Die andere Wirklichkeit anerkennen
    Um auf den Partner zu reagieren, muss man dessen Deutung der Lage, dessen Sicht der Dinge und dessen Verhaltensgründen Raum in der eigenen Wahrnehmung geben. Man braucht es nicht zu verstehen – und kann das meist auch nicht oder jedenfalls nicht sofort. Aber man muss anerkennen, dass es so ist: Es gibt zwei Wahrheiten. Erst wenn diese Voraussetzung erfüllt ist, können neue Informationen die Abläufe beeinflussen. Erst dann ist man in Beziehung. Und damit verändert sich alles, auch die Situation der Partner aus den beiden letzten Beispielen.
    Die Frau des untreuen Mannes erklärte sich nach einiger Zeit bereit, mit in die Beratung zu kommen. Dort sagte ihr Mann: »Es war keine Liebe. Es ist nur so, dass ich mit dieser Frau sprechen konnte. Sie hat mir zugehört.« Das war eine neue Information für die Frau. Aber eine Information, die es in sich hatte. Ihr klappte buchstäblich die Kinnlade herunter, aber sie blieb auf den Partner bezogen und setzte sich mit seinen Motiven für den Seitensprung auseinander. Und dadurch gab sie der Beziehung die Chance zu bestehen.

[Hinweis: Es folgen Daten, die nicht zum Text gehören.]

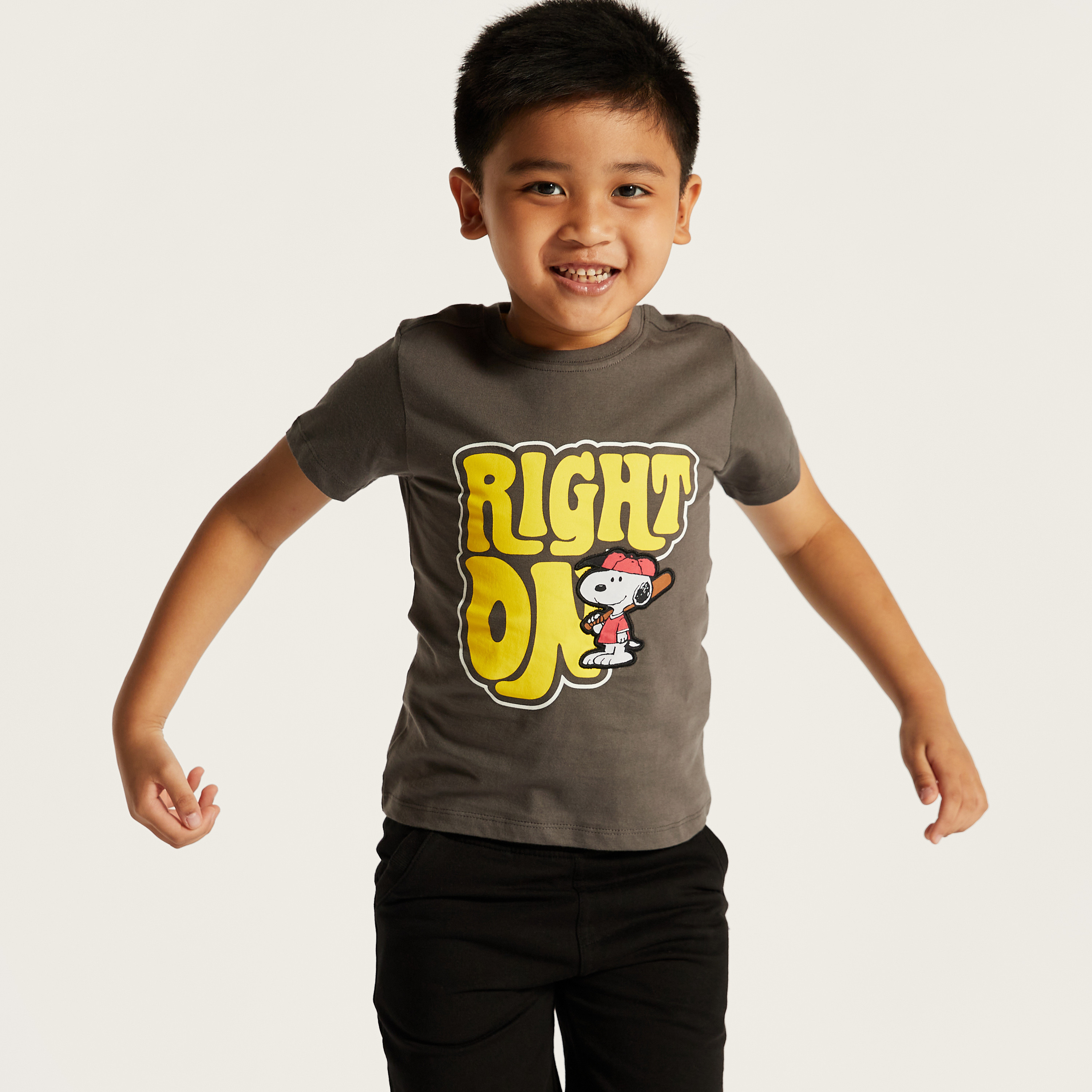 Snoopy Print T-shirt with Crew Neck and Short Sleeves-boys-clothing-tshirtsandpolos-image-1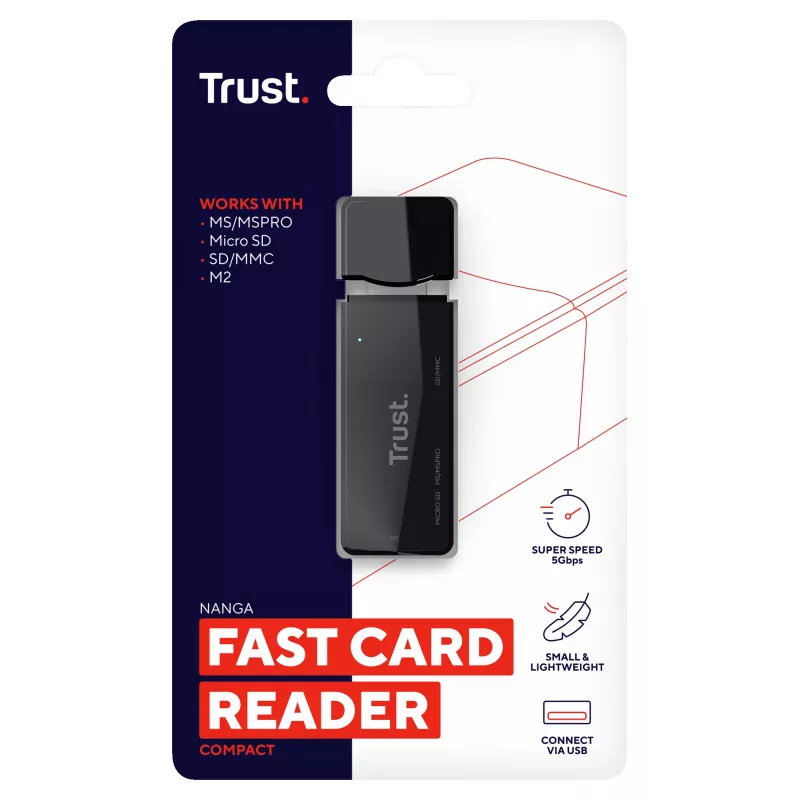 Trust Nanga 21935 lettore di schede, USB 3.1 Gen 1, Type-A, SD/microSD/MS, nero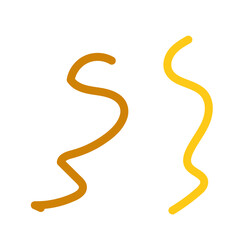 Brown yellow squiggly lines decorative 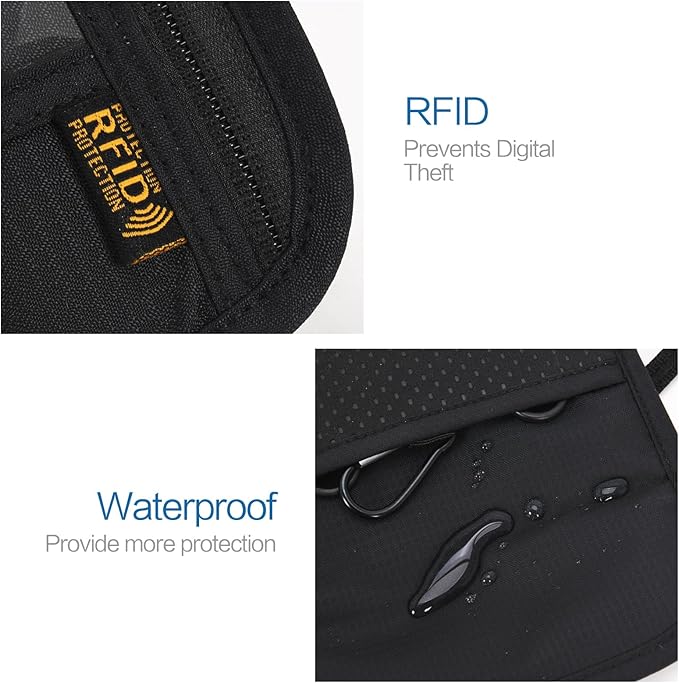 Neck Wallet Lightweight RFID Blocking Waterproof Travel Pouch for Women Men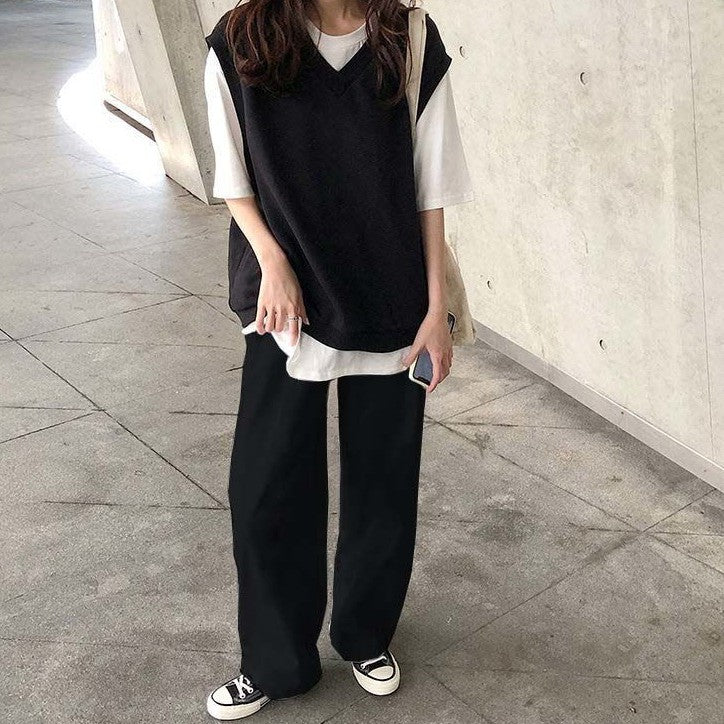 お得なバーゲン  セットアップ 無地 ゆったり Tシャツ ベスト ワイドパンツ 3点セット シンプル モード系 おしゃれ きれいめ系 カジュアル デイリーコーデ ID252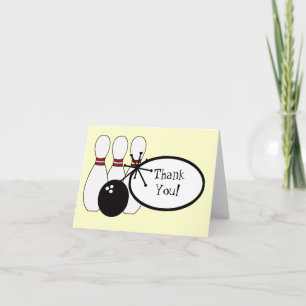 KRW Yellow Bowling Thank You Card Dankeskarte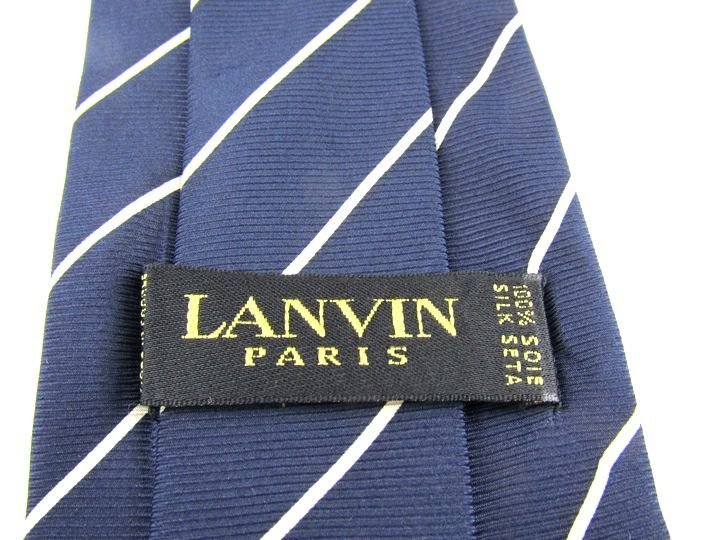 ランバン ブランドネクタイ ストライプ柄 シルク フランス製 メンズ ブラック LANVIN_画像3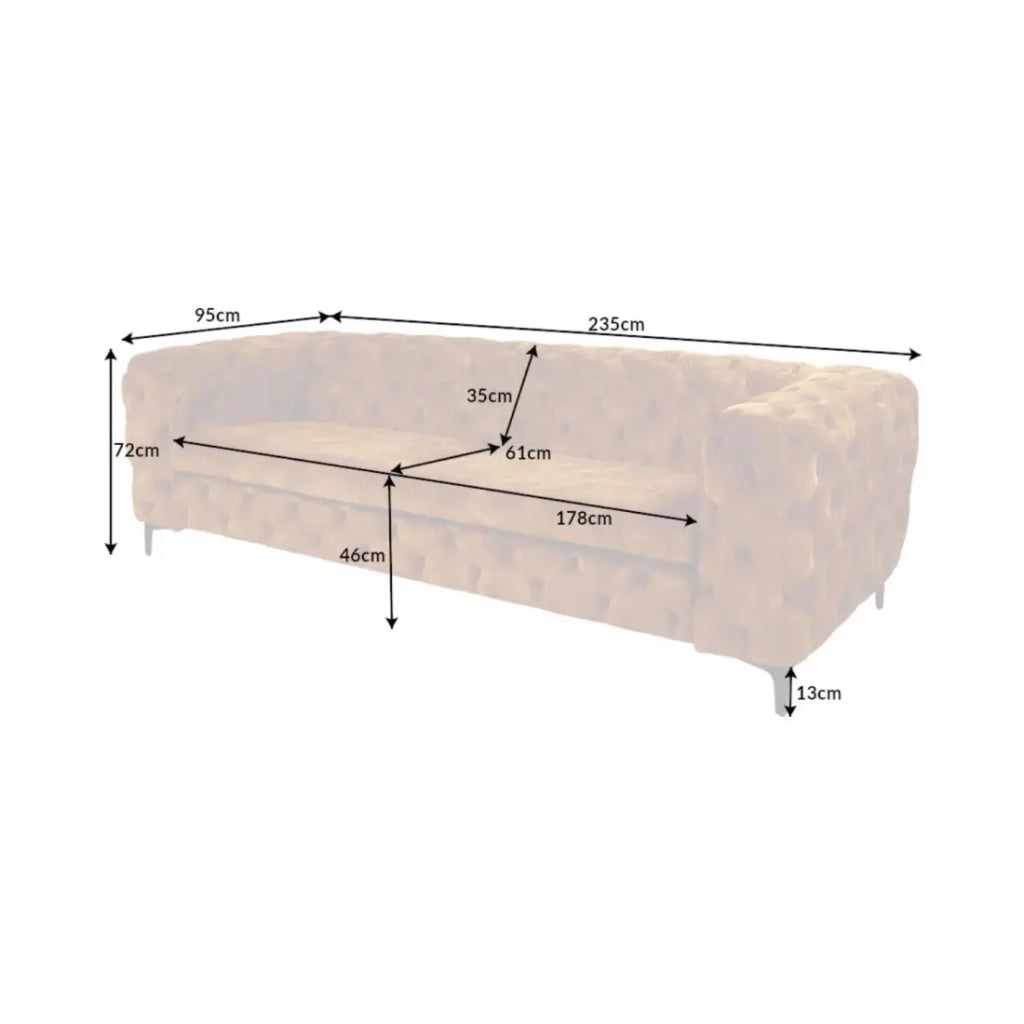 Divano destro VELENA marrone con pouf – Divano barocco in microfibra con struttura in legno massiccio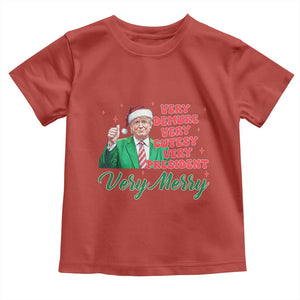 Funny Christmas Santa Trump Toddler T Shirt Very Demure Very Cutesy Very President Very Merry TS11 Red Print Your Wear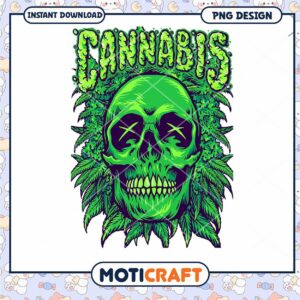 Green Skull Cannabis PNG Design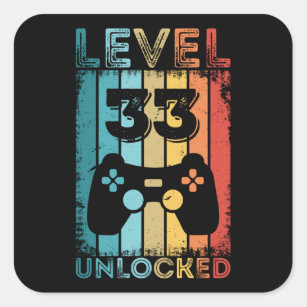 Gaming Level 33 Unlocked 33rd Birthday Gift Gamer Square Sticker
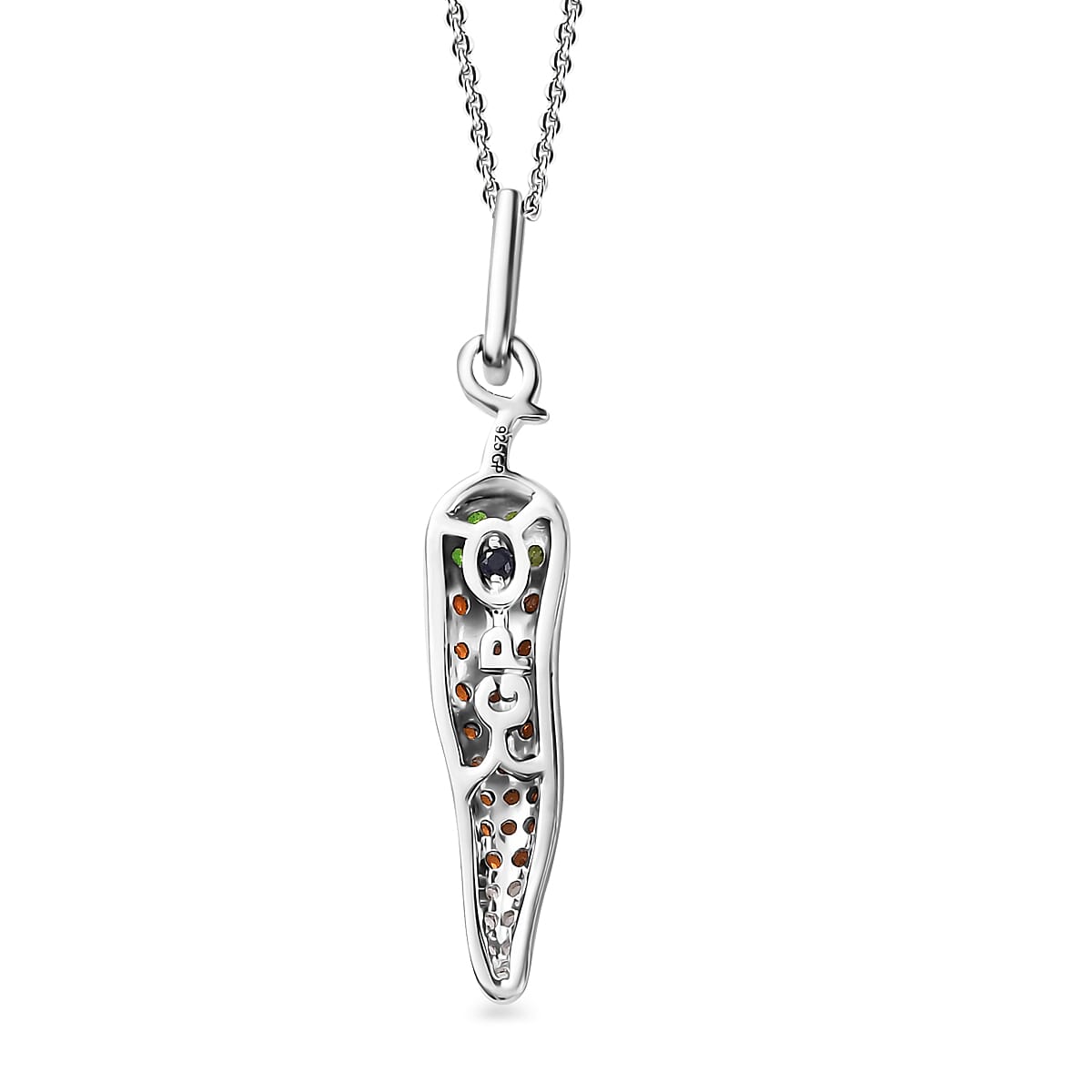GP Italian Garden Collection Mozambique Garnet and Multi Gemstone Pendant Necklace 20 Inches in Rhodium Over Sterling Silver 1.00 ctw
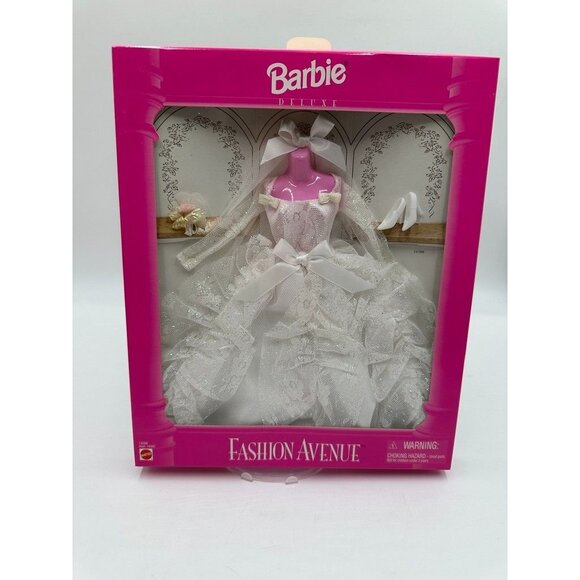 VIntage 1995 NIP NRFB Fashion Avenue Barbie Ken Bride Groom Wedding 14398 14678 - Picture 2 of 9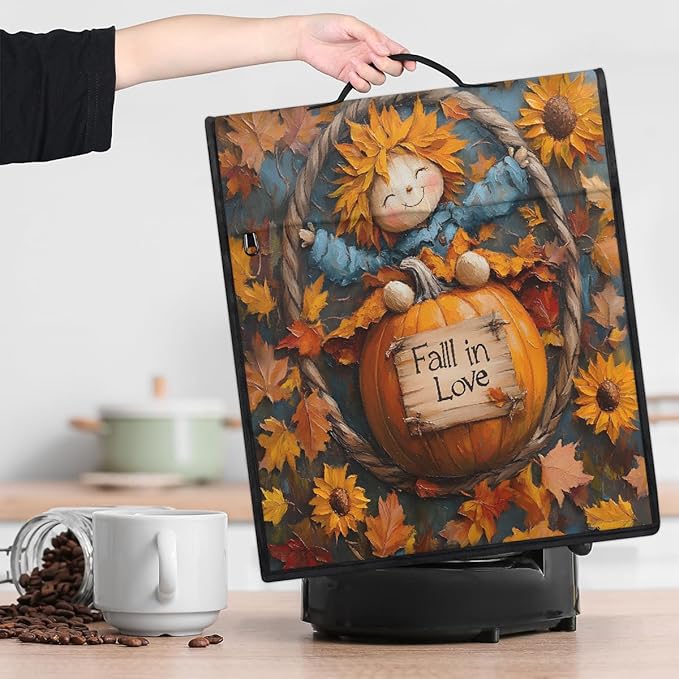 cfpolar Kitchen Aid Mixer Cover Compatible with 6-8 Quarts Pumpkin Fall Scarecrow Stand Mixer Cover Kitchen Aid Mixers Accessories Appliance Organizer Bag Dust Covers with Zipper Pocket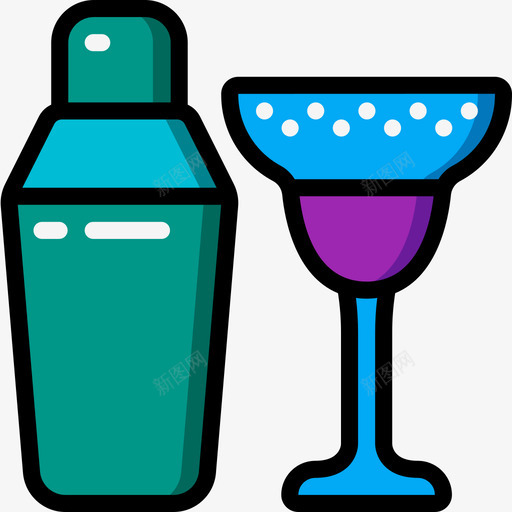鸡尾酒摇壶混合器线性颜色svg_新图网 https://ixintu.com 鸡尾酒 摇壶 混合器 线性 颜色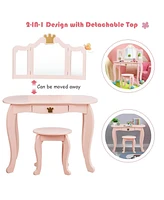 Kids Makeup Dressing Table with Tri-folding Mirror and Stool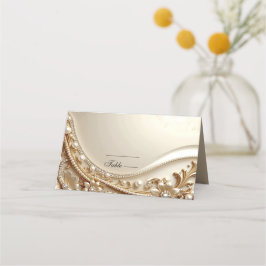 Elegante goldene verzierte Blumen-Platzkarte Platzkarte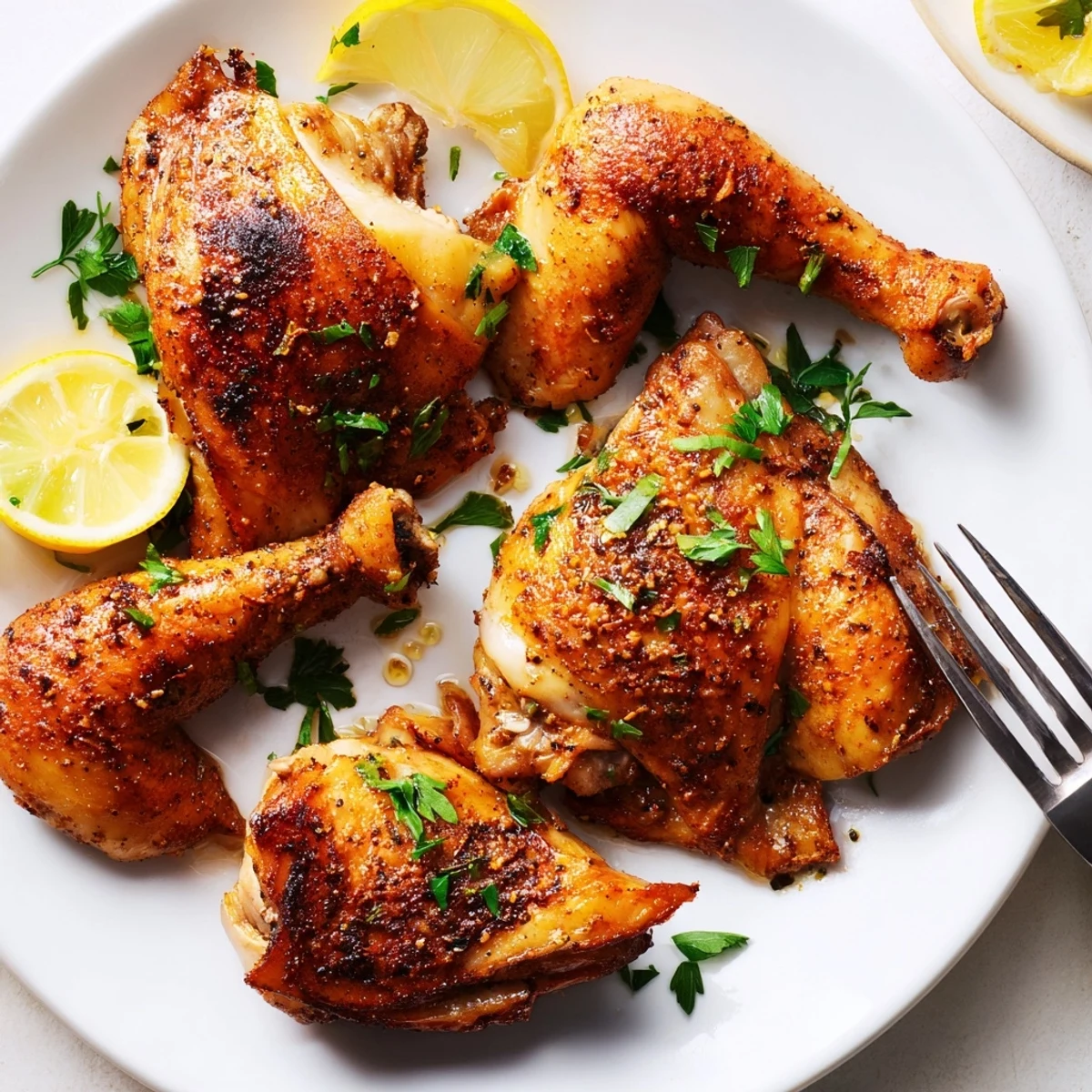 Tender buttermilk roasted chicken garnished with fresh parsley and lemon wedges on a plate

    Die Frau, die ihren Freund nicht in den Mietvertrag nehmen wollte, erzählte in der Beratung von ihrem Misstrauen und ihrer Angst. Ihre Mutter war vom Vater um den Unterhalt betrogen worden, und sie selbst war vor Jahren von einem Mann um einen größeren Betrag geprellt worden. Ihre Zurückhaltung bedeutete also nicht, dass sie an einer Beziehung nicht interessiert wäre, sondern dass ihr das Vertrauen bezüglich materieller Dinge abhandengekommen war. Als ihr Freund von diesen Ängsten erfuhr, erkannte er selbst, dass ihr Verhalten kein Grund war, aus der Beziehung zu ihr auszusteigen.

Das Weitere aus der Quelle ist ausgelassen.